I grew up reading 2000AD comic, so was well acquainted with Judge Dredd, and this film clearly takes that template of a robotic uber-cop, pitiless and indestructible, and gives it both an origin story and a pathos. It also lays down plenty of templates of its own, for other sci-fi to draw on later, District 13 being an obvious one to me, taking its basic plot of corrupt developers in league with crooks in a future dystopia. The Robocop’s view of the world is also something that you see in numerous other films and tv shows (though this also borrowed from Terminator, and there is also a repeating section where news and adverts are shown, to give us a vision of this future world, in all its shallowness.
In a future Detroit, the police force is largely being run by OCP, a private company that also has plans for a major development project, yet also seems happy for the criminals to have the upper hand over the police, though there are plans to introduce robot police.
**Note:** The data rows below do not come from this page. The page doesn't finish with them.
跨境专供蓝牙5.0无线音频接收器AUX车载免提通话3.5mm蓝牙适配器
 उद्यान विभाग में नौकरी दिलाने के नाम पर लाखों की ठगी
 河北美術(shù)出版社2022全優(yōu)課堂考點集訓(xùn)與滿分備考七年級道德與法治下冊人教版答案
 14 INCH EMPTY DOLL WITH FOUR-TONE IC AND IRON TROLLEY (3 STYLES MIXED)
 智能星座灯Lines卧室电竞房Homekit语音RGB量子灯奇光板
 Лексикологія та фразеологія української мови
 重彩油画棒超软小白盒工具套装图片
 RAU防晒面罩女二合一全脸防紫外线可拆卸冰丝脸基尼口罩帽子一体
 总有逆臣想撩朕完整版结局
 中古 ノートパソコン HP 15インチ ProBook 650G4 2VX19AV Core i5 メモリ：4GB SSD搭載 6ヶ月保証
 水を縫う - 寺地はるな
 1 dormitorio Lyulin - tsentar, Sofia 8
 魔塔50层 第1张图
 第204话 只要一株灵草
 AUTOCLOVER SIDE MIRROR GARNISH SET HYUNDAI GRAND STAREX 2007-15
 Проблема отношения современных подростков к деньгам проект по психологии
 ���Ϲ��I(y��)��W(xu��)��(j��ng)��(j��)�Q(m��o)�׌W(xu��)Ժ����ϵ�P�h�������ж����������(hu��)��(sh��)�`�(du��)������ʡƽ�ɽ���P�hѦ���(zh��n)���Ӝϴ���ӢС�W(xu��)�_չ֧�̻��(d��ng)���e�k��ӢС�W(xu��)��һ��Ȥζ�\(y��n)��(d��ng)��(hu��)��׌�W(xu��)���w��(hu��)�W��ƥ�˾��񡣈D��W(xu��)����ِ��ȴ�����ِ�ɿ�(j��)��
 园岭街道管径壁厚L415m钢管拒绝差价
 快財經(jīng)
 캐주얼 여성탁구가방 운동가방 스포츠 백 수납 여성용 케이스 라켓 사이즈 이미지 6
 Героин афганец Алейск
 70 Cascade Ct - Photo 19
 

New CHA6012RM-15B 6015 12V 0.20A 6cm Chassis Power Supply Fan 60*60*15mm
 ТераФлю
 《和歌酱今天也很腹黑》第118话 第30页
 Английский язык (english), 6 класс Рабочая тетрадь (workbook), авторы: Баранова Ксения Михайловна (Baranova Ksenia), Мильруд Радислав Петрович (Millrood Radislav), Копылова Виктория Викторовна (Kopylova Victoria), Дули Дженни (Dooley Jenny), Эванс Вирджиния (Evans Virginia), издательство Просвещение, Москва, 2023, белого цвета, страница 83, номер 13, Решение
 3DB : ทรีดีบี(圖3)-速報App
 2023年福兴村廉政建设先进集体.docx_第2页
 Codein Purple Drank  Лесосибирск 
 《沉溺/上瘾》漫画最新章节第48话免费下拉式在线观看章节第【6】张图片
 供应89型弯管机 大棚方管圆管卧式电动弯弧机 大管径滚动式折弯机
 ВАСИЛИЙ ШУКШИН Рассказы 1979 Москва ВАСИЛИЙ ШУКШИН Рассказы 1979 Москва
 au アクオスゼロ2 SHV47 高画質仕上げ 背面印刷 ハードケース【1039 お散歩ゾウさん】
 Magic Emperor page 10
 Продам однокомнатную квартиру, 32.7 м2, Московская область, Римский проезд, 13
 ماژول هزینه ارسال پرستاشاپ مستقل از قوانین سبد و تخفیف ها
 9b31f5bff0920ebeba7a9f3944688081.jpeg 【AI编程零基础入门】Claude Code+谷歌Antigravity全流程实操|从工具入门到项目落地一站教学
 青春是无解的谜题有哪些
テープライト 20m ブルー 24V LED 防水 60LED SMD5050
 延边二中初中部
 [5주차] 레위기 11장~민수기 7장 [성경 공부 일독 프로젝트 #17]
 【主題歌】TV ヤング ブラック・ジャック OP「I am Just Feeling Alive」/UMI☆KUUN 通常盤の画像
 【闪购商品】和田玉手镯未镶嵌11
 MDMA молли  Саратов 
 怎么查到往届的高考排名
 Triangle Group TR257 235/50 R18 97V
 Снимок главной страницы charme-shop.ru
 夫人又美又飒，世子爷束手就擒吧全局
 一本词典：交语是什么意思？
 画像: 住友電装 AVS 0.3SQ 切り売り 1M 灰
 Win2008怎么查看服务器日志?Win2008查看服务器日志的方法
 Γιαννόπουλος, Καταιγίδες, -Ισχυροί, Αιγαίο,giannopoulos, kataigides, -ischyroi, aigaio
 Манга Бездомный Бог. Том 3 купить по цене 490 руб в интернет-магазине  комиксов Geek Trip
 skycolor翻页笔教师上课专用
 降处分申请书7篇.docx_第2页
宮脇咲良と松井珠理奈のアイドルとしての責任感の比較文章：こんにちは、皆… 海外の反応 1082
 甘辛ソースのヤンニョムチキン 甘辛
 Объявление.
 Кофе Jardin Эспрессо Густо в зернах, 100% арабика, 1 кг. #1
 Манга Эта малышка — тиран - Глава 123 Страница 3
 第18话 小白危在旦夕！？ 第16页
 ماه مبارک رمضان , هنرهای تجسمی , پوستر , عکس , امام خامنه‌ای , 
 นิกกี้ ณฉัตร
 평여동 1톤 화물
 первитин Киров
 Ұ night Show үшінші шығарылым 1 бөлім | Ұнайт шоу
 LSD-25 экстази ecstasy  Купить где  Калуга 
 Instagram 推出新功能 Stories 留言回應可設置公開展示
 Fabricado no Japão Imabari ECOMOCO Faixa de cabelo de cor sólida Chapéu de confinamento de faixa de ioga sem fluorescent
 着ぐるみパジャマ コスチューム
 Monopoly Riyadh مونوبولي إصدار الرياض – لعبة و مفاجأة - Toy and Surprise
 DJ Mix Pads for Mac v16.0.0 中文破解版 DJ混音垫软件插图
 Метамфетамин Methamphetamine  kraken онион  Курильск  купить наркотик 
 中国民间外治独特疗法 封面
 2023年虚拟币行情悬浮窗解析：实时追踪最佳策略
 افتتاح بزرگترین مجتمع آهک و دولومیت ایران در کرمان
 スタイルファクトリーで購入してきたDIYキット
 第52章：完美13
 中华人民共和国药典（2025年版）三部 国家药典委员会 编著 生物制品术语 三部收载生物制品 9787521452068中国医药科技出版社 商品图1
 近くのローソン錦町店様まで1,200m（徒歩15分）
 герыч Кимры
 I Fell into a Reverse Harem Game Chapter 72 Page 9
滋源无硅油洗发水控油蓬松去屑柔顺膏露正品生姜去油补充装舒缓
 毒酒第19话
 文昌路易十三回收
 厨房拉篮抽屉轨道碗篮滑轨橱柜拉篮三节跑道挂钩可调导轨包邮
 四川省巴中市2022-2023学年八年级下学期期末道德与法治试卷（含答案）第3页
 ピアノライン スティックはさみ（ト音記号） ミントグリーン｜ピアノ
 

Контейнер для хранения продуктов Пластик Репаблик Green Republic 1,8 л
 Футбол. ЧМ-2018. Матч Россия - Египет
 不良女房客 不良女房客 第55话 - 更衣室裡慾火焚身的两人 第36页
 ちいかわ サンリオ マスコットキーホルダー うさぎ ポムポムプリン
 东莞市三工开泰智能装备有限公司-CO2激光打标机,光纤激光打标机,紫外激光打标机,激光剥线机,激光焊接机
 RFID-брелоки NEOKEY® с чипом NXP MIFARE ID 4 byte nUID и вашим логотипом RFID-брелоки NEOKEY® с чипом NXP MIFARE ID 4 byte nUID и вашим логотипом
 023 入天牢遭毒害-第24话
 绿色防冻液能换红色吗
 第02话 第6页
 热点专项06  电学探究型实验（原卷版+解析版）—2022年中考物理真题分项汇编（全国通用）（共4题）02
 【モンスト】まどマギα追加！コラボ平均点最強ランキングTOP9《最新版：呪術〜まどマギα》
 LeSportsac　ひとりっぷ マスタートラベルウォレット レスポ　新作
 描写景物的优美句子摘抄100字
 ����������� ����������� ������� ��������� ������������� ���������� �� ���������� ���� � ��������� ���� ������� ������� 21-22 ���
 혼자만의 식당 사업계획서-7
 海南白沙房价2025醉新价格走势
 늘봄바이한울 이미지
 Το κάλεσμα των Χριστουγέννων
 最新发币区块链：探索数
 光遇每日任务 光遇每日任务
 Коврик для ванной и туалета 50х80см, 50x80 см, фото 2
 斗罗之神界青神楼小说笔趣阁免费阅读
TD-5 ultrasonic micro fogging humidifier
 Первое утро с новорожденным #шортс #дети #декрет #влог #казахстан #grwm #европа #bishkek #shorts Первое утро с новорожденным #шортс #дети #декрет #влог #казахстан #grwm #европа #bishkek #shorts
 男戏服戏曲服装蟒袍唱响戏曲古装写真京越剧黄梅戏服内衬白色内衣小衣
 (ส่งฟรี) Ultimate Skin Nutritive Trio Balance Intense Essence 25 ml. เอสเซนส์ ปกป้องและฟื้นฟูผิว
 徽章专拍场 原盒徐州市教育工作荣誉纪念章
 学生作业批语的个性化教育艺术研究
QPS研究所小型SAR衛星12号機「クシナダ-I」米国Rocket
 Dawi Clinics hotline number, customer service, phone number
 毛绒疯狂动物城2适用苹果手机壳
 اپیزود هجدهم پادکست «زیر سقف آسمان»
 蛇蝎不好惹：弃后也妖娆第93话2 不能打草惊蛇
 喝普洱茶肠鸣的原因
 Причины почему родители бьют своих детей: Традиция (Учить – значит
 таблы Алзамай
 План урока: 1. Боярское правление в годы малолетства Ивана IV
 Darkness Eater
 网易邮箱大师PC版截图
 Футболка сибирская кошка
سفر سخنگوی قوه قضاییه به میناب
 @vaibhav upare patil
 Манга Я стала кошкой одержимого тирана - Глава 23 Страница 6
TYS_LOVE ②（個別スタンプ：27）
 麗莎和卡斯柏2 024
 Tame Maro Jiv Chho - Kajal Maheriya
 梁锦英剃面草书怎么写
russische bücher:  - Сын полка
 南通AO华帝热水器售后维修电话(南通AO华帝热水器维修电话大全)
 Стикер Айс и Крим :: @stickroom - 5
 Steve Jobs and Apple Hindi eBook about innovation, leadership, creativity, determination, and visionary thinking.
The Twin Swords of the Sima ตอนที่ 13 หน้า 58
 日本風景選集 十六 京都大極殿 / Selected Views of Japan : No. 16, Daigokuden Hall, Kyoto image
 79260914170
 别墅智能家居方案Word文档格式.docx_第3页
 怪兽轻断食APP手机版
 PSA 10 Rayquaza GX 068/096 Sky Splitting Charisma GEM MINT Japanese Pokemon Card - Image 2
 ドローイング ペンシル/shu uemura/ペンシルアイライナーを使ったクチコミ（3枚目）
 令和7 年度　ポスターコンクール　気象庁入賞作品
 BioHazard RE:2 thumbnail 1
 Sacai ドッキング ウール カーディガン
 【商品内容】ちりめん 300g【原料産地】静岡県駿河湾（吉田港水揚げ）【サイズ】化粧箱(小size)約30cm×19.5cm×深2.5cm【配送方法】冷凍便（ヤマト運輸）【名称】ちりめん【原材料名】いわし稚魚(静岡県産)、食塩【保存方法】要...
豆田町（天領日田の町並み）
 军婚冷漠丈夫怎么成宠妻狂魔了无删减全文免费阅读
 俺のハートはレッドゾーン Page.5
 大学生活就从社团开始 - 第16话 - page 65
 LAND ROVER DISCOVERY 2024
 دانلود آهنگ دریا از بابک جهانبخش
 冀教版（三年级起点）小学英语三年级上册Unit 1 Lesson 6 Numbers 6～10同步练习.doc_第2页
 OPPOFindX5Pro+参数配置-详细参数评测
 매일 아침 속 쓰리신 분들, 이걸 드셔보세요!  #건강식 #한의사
One of these, an extremely sinister and martial form of policing, is demonstrated spectacularly unsuccessfully at an OCP board meeting. This failure severely embarrasses the OCP vice president, Dick Jones (Ronny cox) and gives a younger executive, Bob Morton (Miguel Ferrer) the opportunity to advance his own project and, maybe, to unseat Jones.
Meanwhile, Alex Murphy (Peter Weller) is a good cop entering a really bad precinct, where he is partnered with Anne Lewis (Nancy Allen, looking particularly 1980s), pretty much a super-cop herself. On their first patrol, they encounter a group of thieves making their getaway and chase them to a warehouse where Murphy is brutally murdered, Lewis unable to help. The criminals get away and, shortly afterwards, the first Robocop appears, his face looking rather familiar.
Over the course of the film, we see the corruption of OCP go far deeper than was immediately apparent (even if we could guess) and the immorality of the very concept of the Robocop, as well as sadness of this particular one, as memories start to return (despite his programming). Weller’s unusual face makes him easy to recognise, rarely having to remove his helmet for us to do so. Some of the effects are pretty ropey, and the end of the movie does descend into standard, maybe sub-par, shoot-em-up fare, actually laughable at times. Still, with its subversive touches and moments of subtlety, this was far better than I’d expected.